Biosecurity is also important. Any sick calves should be brought in from the field with the cow and isolated, so they don’t keep spreading pathogen-loaded feces around to infect other calves.
Another general management practice includes providing the calf with adequate nutrients/energy fairly often so it doesn’t weaken. Calves have relatively small stomachs and can handle only about two litres of fluid at a time. Producers realize that a scouring calf needs a lot of oral fluids to make up for the losses, especially if the calf isn’t sucking the cow, but this has to be given over 24 hours in smaller feedings. Hardes recommends that producers alternate milk or milk replacer with the oral electrolytes and fluid, feeding one or the other every six hours.
Hardes doesn’t recommend giving oral electrolytes at the same time as the milk because the electrolytes usually contain bicarbonate, which interferes with proper milk digestion. Plus, the overall volume will be too much for the calf to handle at one time.
Dehydration is the number one cause of mortality in calves with scours and should be addressed aggressively. Calves need to be individually assessed to decide on the best treatment protocol.
When supportive care and fluids aren’t enough, your local veterinarian may suggest adding antibiotics as well as non-steroidal anti-inflammatory medications to a scour treatment protocol.
“When calves are brought in to our hospital, I usually add on a broad-spectrum antibiotic, not necessarily to treat the primary infection if we’re dealing with viral scours since antibiotics won’t be effective against a virus, but to prevent a secondary bacterial infection,” says Hardes.
Check young calves regularly
Hardes recommends frequent checks, no matter which season you calve, as sickness in calves can progress and change quickly regardless of weather conditions.
“Heat stress has become more of an issue now, as calving season has been pushed later in the spring in hopes of avoiding the -50 degree temperature we may see in February or March in Saskatchewan.”
If the daytime temperature breaches 24 C, a sick calf lying in the sun can become severely dehydrated, he adds.
The best way to safeguard your herd is to get cows and calves out on clean ground whenever possible and have a good vaccination protocol in place. Herd health investigations done by your veterinarian in the face of a scours outbreak can better control and decrease disease spread, while also helping to prevent more cases the next year.
Biosecurity vital to manage scours
It pays to isolate any sick calves from the main herd until they recover so they don’t spread the infection to other calves.

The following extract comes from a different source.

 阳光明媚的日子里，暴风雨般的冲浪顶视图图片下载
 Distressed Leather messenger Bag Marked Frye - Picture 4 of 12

It’s also wise to not bring other animals onto your place during calving season, especially from a dairy. Producers who buy dairy calves to graft onto cows that lose their calves may inadvertently bring home a new bug such as crypto or salmonella.
“Producers who bring in a dairy cow to raise extra calves such as twins may also end up with something they don’t want,” says Hardes.
A dairy cow may also be shedding something such as Johne’s disease. A person should not get colostrum from a dairy for the same reasons.